For years, I used the same lens and aperture.

2008-2010: Nikon D50, w/ Quantaray 28mm (f2.8) @ f4:

At f4 there was decent bokeh (max aperture), but still decently sharp. In 2010 I adopted a Voigtlander 40mm f2.0.

At 2.8, images sharpened up, but also had ample focus bokeh. I did most w/ a Nikon FM (35mm).

My cycling pictures (2010/11) were at this setting (i.e. aperture-priority, manually).

I would read later that experts and MTF charts say the image sharpness maximizes at 1-3 stops under. I don't know why yet.

f1.8 → f2.5 ("sharpest")

f1.4 → f2

In studio photography, I went from large to small:

f1.4–2 → f5.6 → f11-16

This was an incredible change; for years I avoided and detested small apertures; at times they seemed like obsolete methods for bygone technologies.

f8+ felt lackluster.

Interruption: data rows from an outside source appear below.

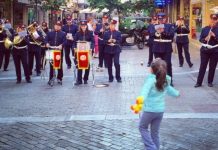 Συνεχίζει τους μουσικούς περίπατους η Φιλαρμονική του Δήμου Πειραιά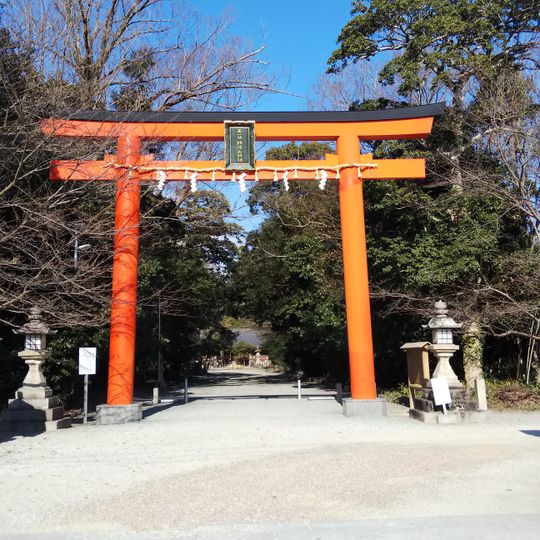 Kagamitsukuri nimasu amateru mitama-jinja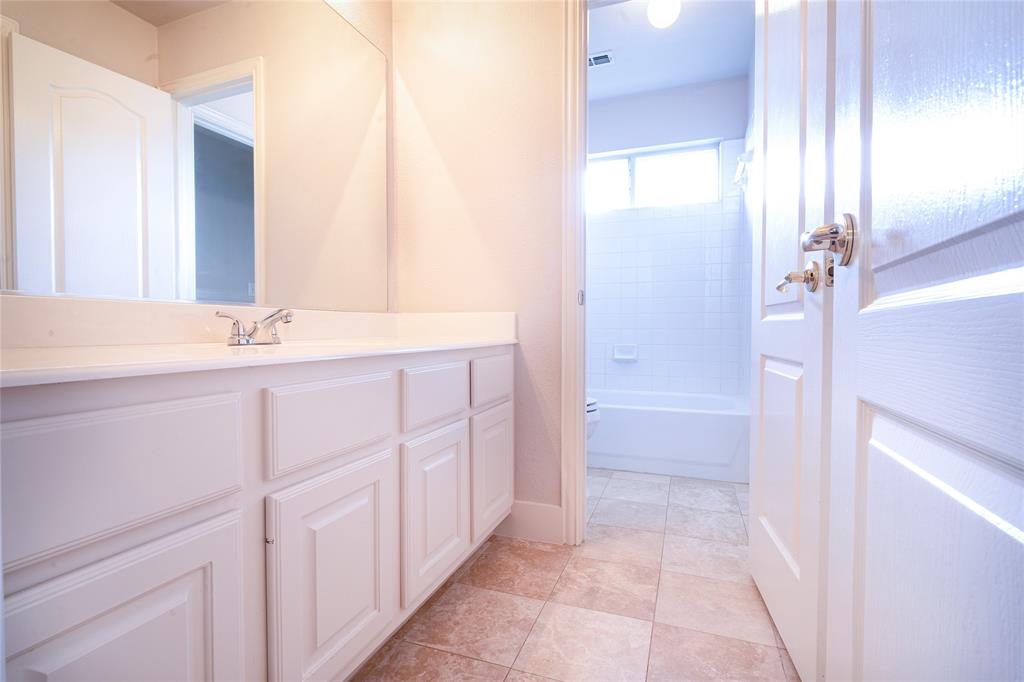 Wellington At Preston Meadows Ph III - Residential Lease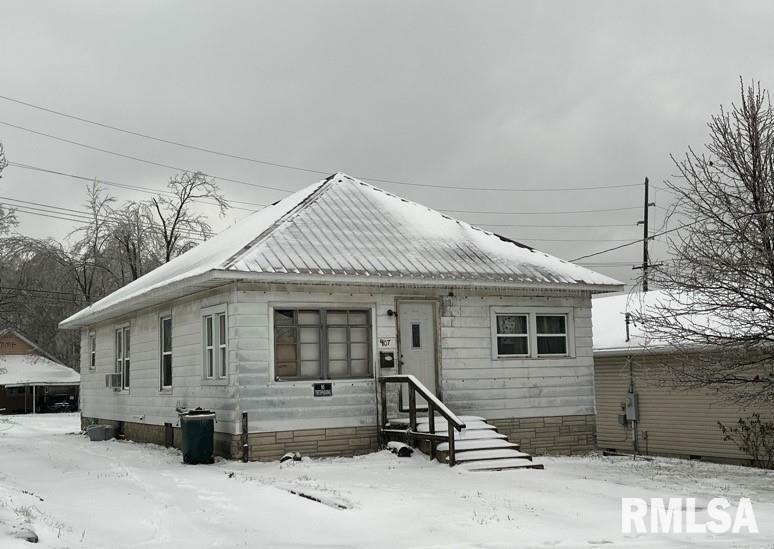 Property Photo:  407 N Gardner Street  IL 62896 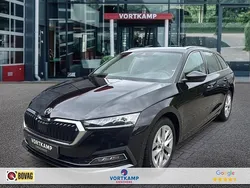 Zwart Gebruikt 2021 Skoda Octavia Style Stationwagen | € 16.950 (Goede deal)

Colors are straight; there are no aberrations, lens vignetting, or bokeh.

Instead, f8 produces sharp, true, and flat images, without background blur.

I had to forbid myself from using going larger than f8.

In 2016-17 I did most portraits at f5.6-8.

On occasion, I up'd to max flash power (1/1) and try f11; in 2019 I ventured f14-16 (for s+giggles), blasting subjects with light.

Images differences may look trivial, but going through the gamut [of apertures] was a practical exercise in learning light.

I am now comfortable with all apertures; I have a rough idea when one is preferable.

f1.4 (large) → f16 (smallest)

(i.e. 2^7 = 128x)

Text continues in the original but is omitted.